Love You To Bits est une application trop mignonne développée par Alike Studio et Pati.io. Il vous faut absolument la découvrir.

J’ai beaucoup aimé cette aventure point & click, nécessitant de résoudre une série d’actions dans un certain ordre pour débloquer chaque niveau. Les graphismes sont très colorés et la bande son soignée.

L’histoire commence dans la navette spatiale de Nova et Kosmo. Le vaisseau est sous le feu de l’ennemi. L’avant du vaisseau fini par exploser et votre petite amie androïde Nova est éparpillée en plusieurs morceaux. C’est alors que l’aventure de Kosmo commence. Il va explorer l’univers pour reconstituer Nova. Love You To Bits (comprendre je t’aime à la folie) porte bien son nom. C’est une grande fresque très poétique, sans paroles.

Chaque planète a une thématique qui lui est propre.

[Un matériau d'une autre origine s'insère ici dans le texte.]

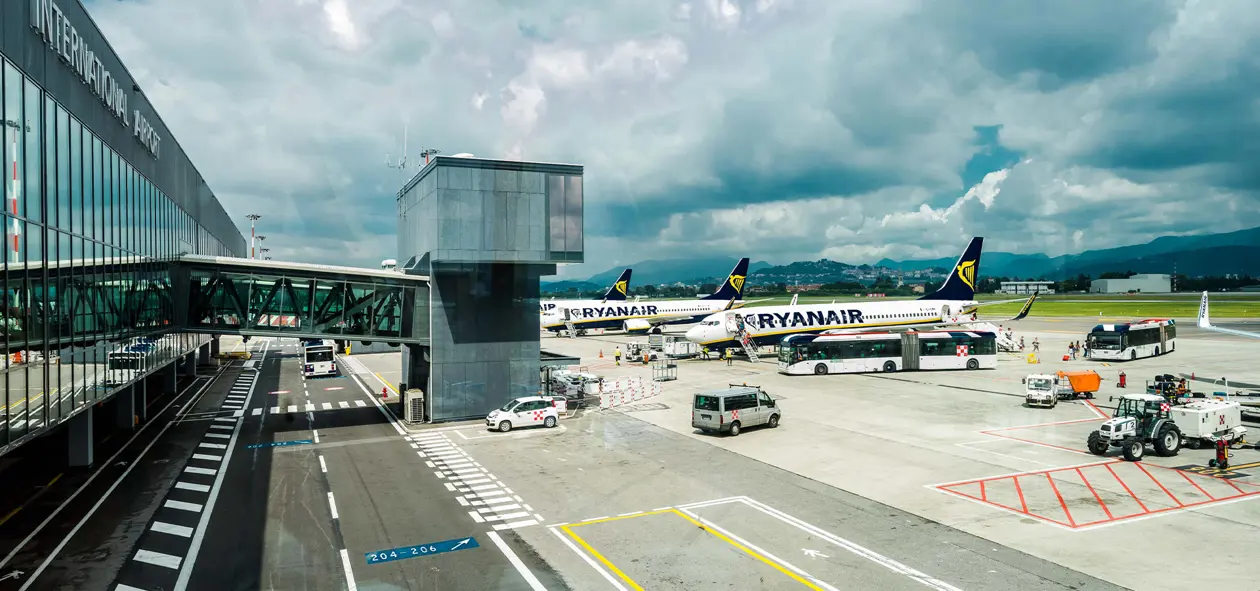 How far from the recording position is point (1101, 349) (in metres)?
67.1

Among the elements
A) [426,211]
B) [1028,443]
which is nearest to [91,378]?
[426,211]

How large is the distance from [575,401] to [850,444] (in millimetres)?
20360

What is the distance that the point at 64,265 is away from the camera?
789 inches

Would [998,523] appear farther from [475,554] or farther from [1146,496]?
[475,554]

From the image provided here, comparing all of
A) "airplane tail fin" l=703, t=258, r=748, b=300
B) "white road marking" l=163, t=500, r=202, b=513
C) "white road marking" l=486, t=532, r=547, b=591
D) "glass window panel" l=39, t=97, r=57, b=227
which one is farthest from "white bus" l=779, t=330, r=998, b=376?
"airplane tail fin" l=703, t=258, r=748, b=300

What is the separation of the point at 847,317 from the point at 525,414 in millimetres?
47654

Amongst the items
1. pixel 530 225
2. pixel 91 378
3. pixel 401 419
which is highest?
pixel 530 225

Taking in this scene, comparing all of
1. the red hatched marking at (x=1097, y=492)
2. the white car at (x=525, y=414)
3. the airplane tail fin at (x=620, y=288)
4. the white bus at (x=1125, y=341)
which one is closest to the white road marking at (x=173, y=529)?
the white car at (x=525, y=414)

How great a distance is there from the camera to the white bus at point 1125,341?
6619 centimetres

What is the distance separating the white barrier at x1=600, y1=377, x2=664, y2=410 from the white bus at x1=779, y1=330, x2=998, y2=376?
1348 cm

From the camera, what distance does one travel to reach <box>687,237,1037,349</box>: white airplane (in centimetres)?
7244

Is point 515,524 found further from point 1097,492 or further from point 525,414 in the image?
point 1097,492

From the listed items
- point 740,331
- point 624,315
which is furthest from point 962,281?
point 624,315

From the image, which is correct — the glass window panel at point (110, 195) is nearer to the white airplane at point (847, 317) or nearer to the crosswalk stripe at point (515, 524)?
the crosswalk stripe at point (515, 524) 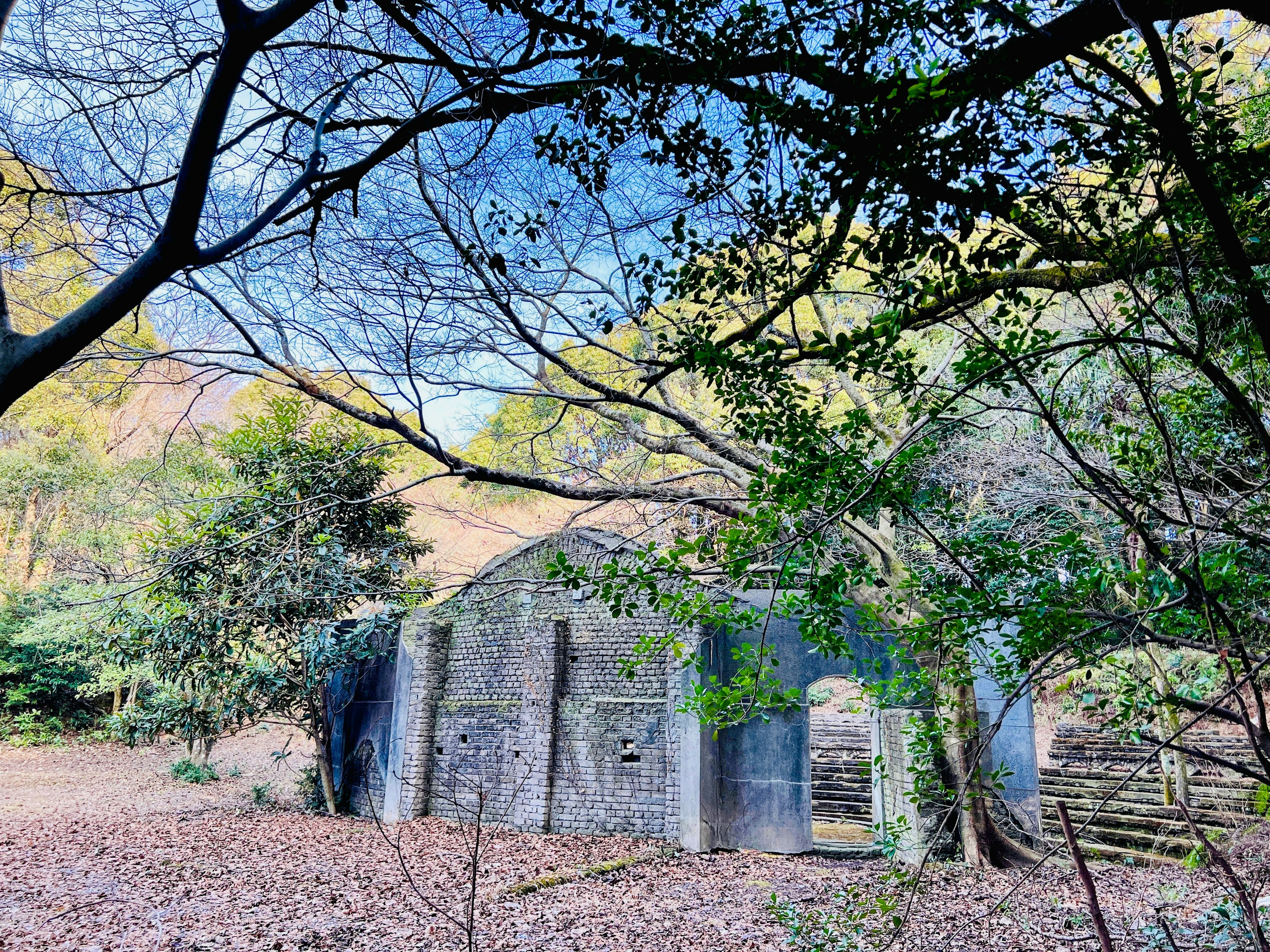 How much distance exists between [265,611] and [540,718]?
4.48 meters

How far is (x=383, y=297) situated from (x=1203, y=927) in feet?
25.1

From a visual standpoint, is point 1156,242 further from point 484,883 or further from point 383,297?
point 484,883

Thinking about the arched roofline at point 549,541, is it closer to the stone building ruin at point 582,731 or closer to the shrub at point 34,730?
the stone building ruin at point 582,731

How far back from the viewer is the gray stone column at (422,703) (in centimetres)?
1145

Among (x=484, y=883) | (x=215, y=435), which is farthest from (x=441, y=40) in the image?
(x=215, y=435)

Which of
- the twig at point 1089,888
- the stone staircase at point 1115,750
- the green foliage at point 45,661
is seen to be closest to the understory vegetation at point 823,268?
the twig at point 1089,888

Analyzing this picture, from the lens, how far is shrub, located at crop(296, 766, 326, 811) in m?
12.3

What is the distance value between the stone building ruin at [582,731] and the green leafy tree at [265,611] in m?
0.78

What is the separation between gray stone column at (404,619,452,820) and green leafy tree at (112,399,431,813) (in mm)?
572

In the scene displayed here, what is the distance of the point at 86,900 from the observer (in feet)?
22.9

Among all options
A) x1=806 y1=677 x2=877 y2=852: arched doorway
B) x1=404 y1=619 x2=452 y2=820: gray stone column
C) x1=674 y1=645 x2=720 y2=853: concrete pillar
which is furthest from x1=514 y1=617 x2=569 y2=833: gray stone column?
x1=806 y1=677 x2=877 y2=852: arched doorway

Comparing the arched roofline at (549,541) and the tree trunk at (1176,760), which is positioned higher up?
the arched roofline at (549,541)

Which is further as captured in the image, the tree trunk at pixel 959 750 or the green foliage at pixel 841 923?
the tree trunk at pixel 959 750

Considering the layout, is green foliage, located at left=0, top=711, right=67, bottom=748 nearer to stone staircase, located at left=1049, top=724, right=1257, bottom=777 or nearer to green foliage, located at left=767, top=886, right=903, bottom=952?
green foliage, located at left=767, top=886, right=903, bottom=952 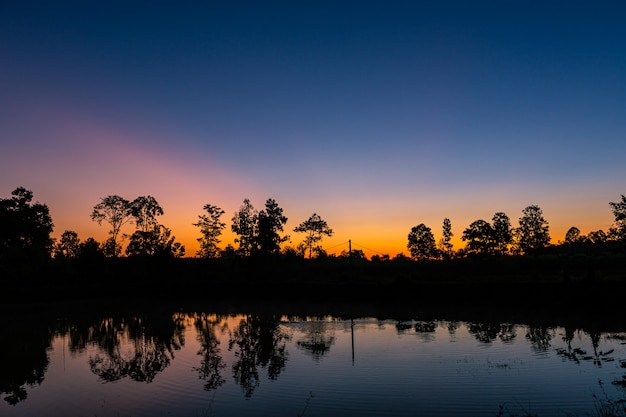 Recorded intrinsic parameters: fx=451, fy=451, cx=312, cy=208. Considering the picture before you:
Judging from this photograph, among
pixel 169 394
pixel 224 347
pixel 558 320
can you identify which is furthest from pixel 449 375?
pixel 558 320

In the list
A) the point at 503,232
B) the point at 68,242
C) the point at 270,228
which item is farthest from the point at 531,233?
the point at 68,242

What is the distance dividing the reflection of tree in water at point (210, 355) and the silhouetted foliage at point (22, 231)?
3783cm

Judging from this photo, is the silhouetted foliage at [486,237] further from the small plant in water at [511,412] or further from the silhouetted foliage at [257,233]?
the small plant in water at [511,412]

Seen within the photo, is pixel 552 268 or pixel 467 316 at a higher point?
pixel 552 268

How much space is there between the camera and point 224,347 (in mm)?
24562

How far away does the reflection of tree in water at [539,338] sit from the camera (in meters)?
22.3

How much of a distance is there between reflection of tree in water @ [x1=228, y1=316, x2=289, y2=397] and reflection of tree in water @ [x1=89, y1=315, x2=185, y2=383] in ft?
10.9

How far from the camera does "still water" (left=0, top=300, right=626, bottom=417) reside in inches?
533

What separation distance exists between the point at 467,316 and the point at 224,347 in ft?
69.4

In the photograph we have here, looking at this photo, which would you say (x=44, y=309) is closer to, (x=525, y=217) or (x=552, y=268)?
(x=552, y=268)

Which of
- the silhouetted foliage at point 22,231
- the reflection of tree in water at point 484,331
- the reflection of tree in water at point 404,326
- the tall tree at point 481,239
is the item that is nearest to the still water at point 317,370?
the reflection of tree in water at point 484,331

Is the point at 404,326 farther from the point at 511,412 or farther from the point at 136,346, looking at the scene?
the point at 511,412

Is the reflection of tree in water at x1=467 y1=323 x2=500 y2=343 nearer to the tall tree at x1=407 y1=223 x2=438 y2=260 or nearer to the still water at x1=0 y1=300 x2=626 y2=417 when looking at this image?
the still water at x1=0 y1=300 x2=626 y2=417

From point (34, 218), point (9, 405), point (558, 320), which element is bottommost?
point (9, 405) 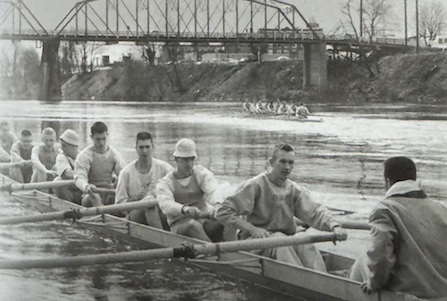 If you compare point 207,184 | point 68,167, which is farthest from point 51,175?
point 207,184

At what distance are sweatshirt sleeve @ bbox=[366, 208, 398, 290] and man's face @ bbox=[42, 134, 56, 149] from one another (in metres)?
5.17

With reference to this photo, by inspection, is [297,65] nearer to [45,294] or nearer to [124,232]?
[124,232]

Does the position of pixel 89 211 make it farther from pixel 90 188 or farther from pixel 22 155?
pixel 22 155

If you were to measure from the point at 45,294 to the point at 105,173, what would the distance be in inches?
78.2

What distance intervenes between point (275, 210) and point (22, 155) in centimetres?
487

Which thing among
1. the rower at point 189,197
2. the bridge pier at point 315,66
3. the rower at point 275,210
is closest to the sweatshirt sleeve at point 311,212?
the rower at point 275,210

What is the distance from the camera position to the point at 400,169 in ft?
9.47

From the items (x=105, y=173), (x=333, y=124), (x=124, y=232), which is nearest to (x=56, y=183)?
(x=105, y=173)

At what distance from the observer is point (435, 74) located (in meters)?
8.48

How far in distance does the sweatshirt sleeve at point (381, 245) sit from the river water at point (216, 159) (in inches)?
45.6

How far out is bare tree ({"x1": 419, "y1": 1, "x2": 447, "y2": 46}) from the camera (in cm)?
568

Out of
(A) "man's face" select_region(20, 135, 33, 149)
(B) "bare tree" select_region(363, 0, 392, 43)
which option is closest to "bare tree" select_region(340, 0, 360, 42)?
(B) "bare tree" select_region(363, 0, 392, 43)

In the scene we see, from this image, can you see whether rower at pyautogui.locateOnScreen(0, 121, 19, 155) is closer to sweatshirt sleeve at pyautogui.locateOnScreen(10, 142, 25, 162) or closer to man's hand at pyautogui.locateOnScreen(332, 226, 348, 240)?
sweatshirt sleeve at pyautogui.locateOnScreen(10, 142, 25, 162)

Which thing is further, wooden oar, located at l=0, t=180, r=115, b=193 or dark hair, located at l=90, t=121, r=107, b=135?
wooden oar, located at l=0, t=180, r=115, b=193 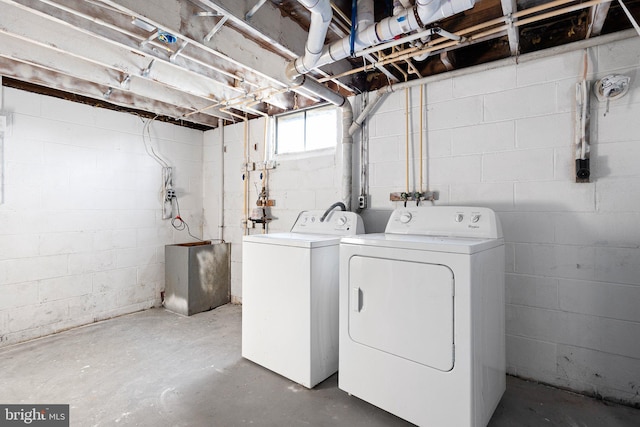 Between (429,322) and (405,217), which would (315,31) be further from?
(429,322)

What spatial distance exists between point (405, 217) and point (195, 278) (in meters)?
2.31

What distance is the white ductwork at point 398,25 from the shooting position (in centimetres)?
145

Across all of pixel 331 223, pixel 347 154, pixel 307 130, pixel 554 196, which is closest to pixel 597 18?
pixel 554 196

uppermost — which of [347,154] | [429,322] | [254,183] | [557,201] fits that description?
[347,154]

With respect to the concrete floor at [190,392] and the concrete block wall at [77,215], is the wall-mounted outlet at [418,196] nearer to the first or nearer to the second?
the concrete floor at [190,392]

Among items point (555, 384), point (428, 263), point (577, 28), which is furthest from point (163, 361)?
point (577, 28)

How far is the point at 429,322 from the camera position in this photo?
5.05 feet

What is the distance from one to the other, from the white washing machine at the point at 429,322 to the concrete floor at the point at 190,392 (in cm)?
18

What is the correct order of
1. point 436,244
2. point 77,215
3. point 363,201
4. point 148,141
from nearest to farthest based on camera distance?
1. point 436,244
2. point 363,201
3. point 77,215
4. point 148,141

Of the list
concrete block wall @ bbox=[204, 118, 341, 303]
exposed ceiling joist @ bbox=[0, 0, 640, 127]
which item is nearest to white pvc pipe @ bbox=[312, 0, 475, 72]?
exposed ceiling joist @ bbox=[0, 0, 640, 127]

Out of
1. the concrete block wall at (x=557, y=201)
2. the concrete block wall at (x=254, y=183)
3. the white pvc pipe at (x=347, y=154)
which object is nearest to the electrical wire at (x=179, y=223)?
the concrete block wall at (x=254, y=183)

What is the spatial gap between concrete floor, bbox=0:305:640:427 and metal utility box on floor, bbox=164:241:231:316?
Answer: 2.20ft

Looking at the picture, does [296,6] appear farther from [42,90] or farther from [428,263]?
[42,90]

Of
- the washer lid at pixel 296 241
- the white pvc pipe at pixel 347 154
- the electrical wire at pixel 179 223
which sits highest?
the white pvc pipe at pixel 347 154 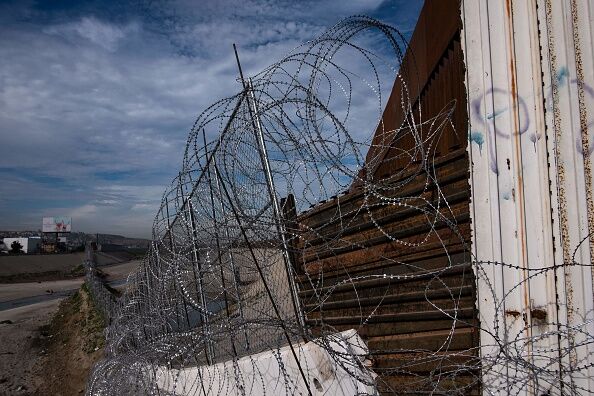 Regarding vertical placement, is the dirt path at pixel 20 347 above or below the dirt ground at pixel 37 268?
below

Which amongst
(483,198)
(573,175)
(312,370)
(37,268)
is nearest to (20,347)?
(312,370)

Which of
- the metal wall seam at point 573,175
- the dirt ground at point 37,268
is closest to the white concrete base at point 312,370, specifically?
the metal wall seam at point 573,175

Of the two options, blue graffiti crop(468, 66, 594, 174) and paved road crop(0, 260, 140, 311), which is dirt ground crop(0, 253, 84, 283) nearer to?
paved road crop(0, 260, 140, 311)

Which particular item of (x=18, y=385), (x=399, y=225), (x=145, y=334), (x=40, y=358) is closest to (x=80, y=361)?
(x=18, y=385)

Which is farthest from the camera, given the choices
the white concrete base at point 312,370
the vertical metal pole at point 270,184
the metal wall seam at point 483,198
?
the vertical metal pole at point 270,184

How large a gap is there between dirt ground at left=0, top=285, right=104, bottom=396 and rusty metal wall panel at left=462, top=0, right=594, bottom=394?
626 cm

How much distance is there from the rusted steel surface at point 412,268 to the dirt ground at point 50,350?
5.35 metres

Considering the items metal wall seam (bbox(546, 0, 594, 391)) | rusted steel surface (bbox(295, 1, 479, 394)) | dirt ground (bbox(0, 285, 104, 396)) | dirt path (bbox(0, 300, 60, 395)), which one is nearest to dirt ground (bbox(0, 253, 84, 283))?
dirt path (bbox(0, 300, 60, 395))

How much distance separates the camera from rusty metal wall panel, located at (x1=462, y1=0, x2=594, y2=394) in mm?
2041

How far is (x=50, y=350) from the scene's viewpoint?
34.7 ft

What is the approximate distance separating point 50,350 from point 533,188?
35.9 feet

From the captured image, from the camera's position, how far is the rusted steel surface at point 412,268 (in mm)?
2381

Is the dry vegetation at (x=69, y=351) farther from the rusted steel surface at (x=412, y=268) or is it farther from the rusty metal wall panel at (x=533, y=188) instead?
the rusty metal wall panel at (x=533, y=188)

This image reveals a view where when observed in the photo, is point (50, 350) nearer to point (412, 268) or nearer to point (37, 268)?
point (412, 268) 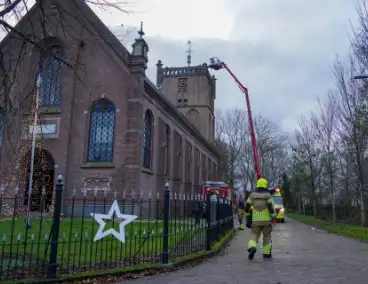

A aucun moment je n’ai ressenti de caractère répétitif dans les différents tableaux à résoudre. Par ailleurs, si vous voulez corser un peu le jeu, dans chaque planète vous avez de 1 à 3 objets bonus à récupérer qui vous permettent d’accéder à des vidéos retranscrivant les souvenirs communs de Kosmo et Nova. La difficulté augmente au fur et à mesure que vous avancez.

images du jeu love you to bits

Il y a 28 planètes à explorer, donc autant de fragments à retrouver. 60 souvenirs en tout sont à collectionner. J’ai bien aimé me casser la tête pour les retrouver tous. D’autant que vous pouvez refaire chaque niveau autant de fois que vous le souhaitez, donc pas de crainte si vous ne trouvez pas tout du premier coup.

Question violence, vous pouvez y jouer avec votre p’tit bout sur les genoux sans crainte.

La version Apple du jeu est complète, il n’y a plus de mise à jour à prévoir. Le format Tablette est adapté pour y jouer avec le maximum de confort.